Теперь он без лукавых реверансов принимает подношения, став несколько бесцеремоннее. Сильно напуганный посланник задаривал и задабривал, и, вернувшись в мае, усердно сводил ветреного любовника с молоденькой княжной, которая была польщена и тронута волокитством блестящего кавалергарда. Завидная партия – состоятельные князья Барятинские колена считали от Рюрика и были вхожи во дворец в качестве близких людей:
«Только немногие приглашенные собирались по вечерам у Мама в зеленом кабинете, где по большей части читали вслух. Между этими гостями часто бывали княгиня Барятинская со своей дочерью Марией, - вспоминала великая княжна Ольга Николаевна. Впоследствии девушки тесно подружилась: - Она была серьезной и глубоко верующей. Дружба между нами была такой, о какой я всегда мечтала: она облагораживала наши натуры. Мы обе были полны идеалов соответственно нашему возрасту и при всей нашей сдержанности очень мечтательны».
«Папа» «сын» на пару обхаживали княжну, Геккерен уже закидывал удочку, советуясь о возможном браке с некими дамами…
Что сказать… Милый Жорж изменял всем и всегда. Отечеству – с соседней страной, родному отцу – с приемным. Роялистам с республикой, республике – с Бонапартом. На каждом шагу – Геккерену, волочась за красотками, покуда у него сохранялся к ним интерес. Тот был вынужден терпеть, тем более что связи с «сына» с женщинами служили отличной ширмой для их отношений. После незапамятного объяснения минуло несколько недель, а Жорж уже увивался за другой, от которой в конце лета побежал все к той же мадонне. Он изменил Пушкиной с Гончаровой, а Гончаровой, ставшей Дантес, изменял с… Геккереном. И если б эти бестолковые измены были ему впрок!..
С весны и до середины лета Дантес почти не видался с женой Пушкина; она дохаживала последние месяцы, живот уже не скрывал никакой корсет. По светским приличиям брюхатая на позднем сроке дама не могла выходить из дому, да и какие уж танцы, когда живот на нос лезет!.. Молодые люди расстались, поэт получил передышку. В мае она благополучно разрешилась дочерью, отдышалась, однако, траур, увы, продолжался; на общее веселье Наталья Николаевна половину лета смотрела издали.

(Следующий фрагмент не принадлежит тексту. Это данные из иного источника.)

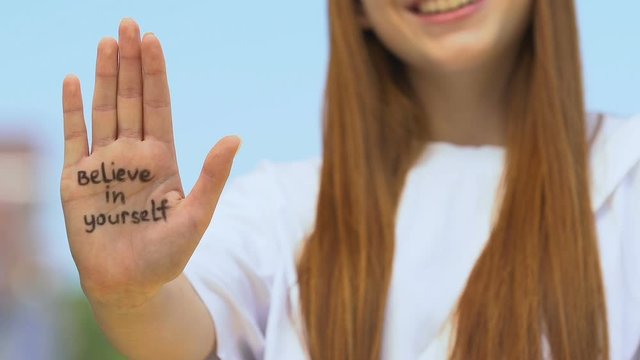 Believe in yourself written on female palm, youth motivation, encouragement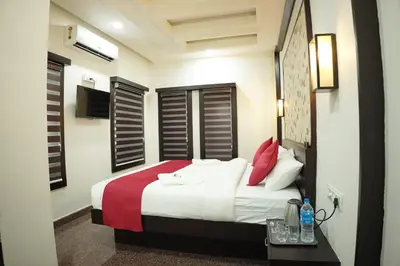 a bedroom with a bed with white and red pillows at Hill Club Square in Malappuram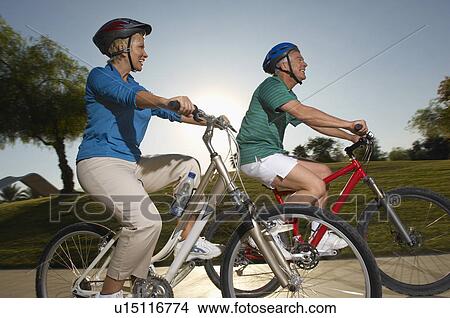 Picture - Senior couple cycling in park at dusk. Fotosearch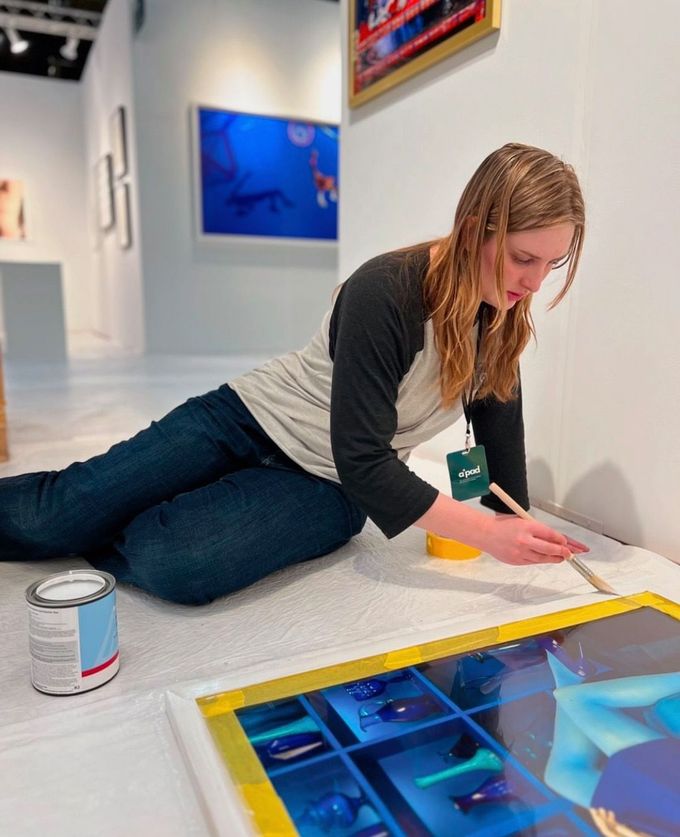 A woman is kneeling on the floor painting a frame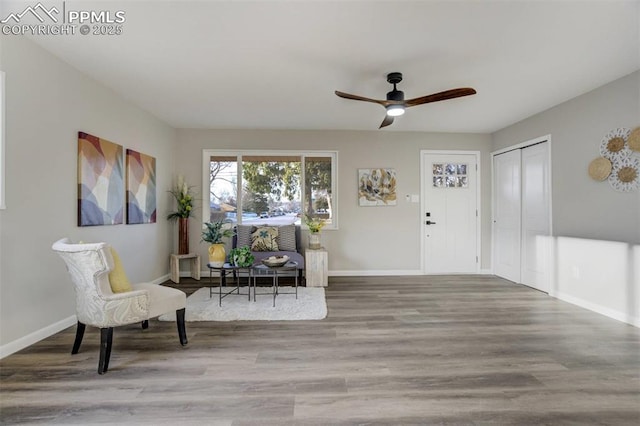 foyer entrance with wood finished floors, baseboards, and ceiling fan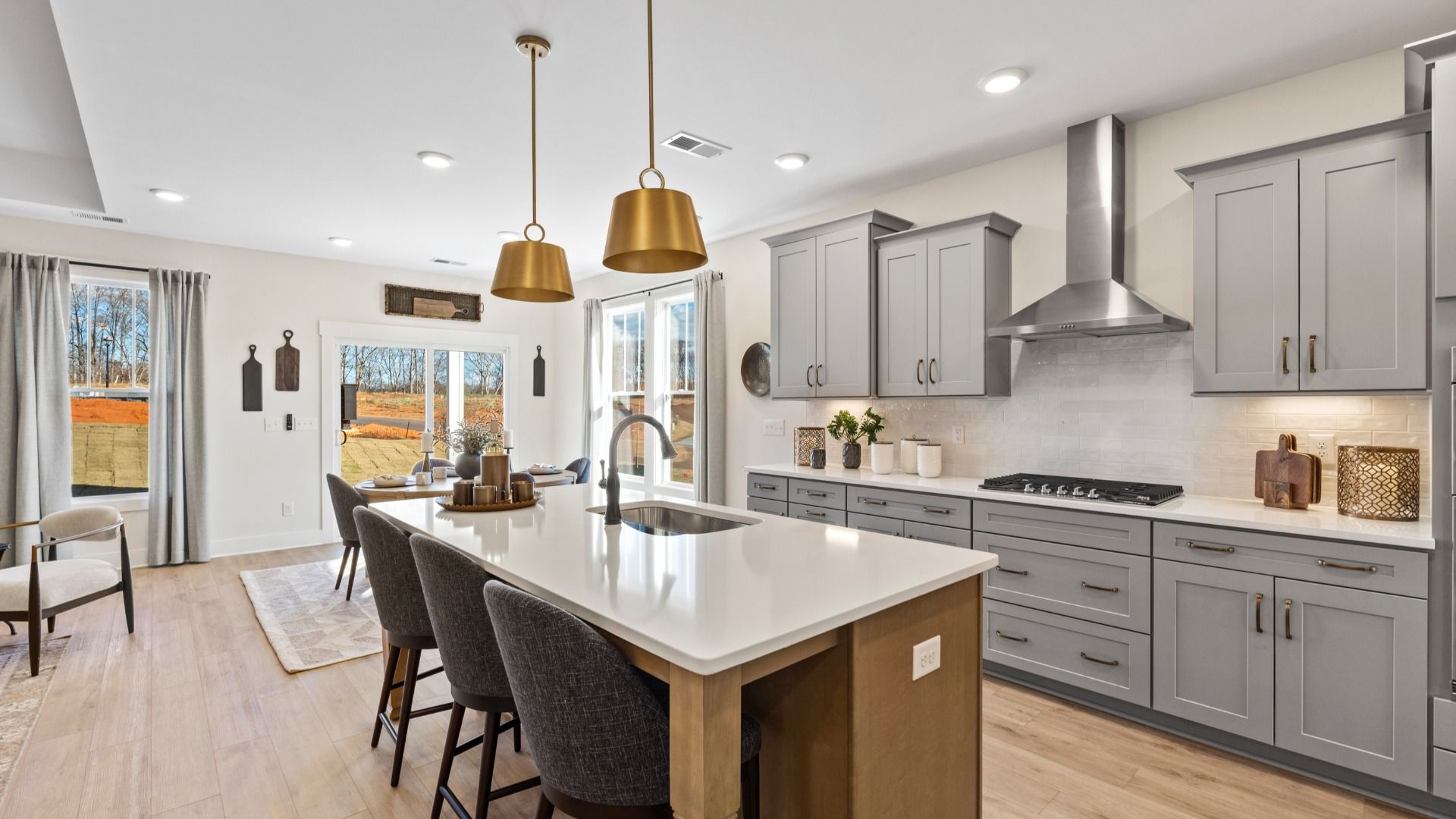 Superior kitchen with quartz countertops, pendant lighting, and a generously sized island at Alexander Place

С 1835 года Пушкины жили вместе с сестрами Гончаровыми, которых, по меткому замечанию Ахматовой, Наталья Николаевна навязала поэту, мало ему было своих проблем. Через много лет, помудрев, женщина признает свою ошибку: между супругами не должны становиться третьи лица.
И лето еще не минуло, а она уже вновь оттаптывала паркет в бальных залах. Новорожденному ребенку к тому времени не исполнилось и трех месяцев.
И вот они встретились вновь. Опроставшаяся, похорошевшая (окружающие отмечали, как расцвела Натали после этих родов… родов или любви?) По-прежнему красивый, лихой, популярный, - лакомый кусочек для дам…
Расставание сыграло на руку Наталье Николаевне. Бесхитростная, она по неведению сделала ход конем, поступив, как записная кокетка. Чтобы раз и навсегда прекратить домогательства, нужна жесткость, безоговорочное «нет». Если женщина ответила: нет, но… - можете быть уверены, мужчина, покрутившись, обязательно вернется. Это пикаперский прием. Я тебя люблю, но не могу быть твоей, - и причина: то, се, другое, пятое, - роман Пушкина не закончен. Онегин вновь придет к Татьяне, она кинула крючок, он проглотил наживку – нет, Пушкин был неправ, считая свою героиню наивной. Вот такие наивные девочки, сами не ведая, что творят, по наитию осваивают ремесло прожженной кокетки. Геккерен был прозорливее, чем его юный друг. Выслушать мужчину. Печально сказать: люблю, но не могу быть твоей. Расстаться на время – пусть потоскует. Как ни в чем не бывало, встретиться вновь. Разлука умножает цену любви вдвое. Препятствия – вчетверо. Любовь становится практически нестерпимой, если препоны ставит сама женщина, любящая и любимая. Дантес не мог не вернуться. Роковой ошибкой Натальи Николаевны было сказать мужчине о своей любви. По сути, она поощрила его на последующие ухаживания.
Разлучив героев после памятного разговора, Пушкин оставил их на перепутье. Что было дальше? Онегин уехал. Они не виделись. А если б встретились, что бы произошло?
Не наивная Наталья Николаевна сделала Жоржа Дантеса лучше – пусть и на один миг. Следуя героине романа своего мужа, она сумела удивить поклонника и зацепить его неожиданно крепко для него самого. Увы, то была целиком и полностью заслуга ее гениального мужа и его романа о самой странной женщине в русской литературе.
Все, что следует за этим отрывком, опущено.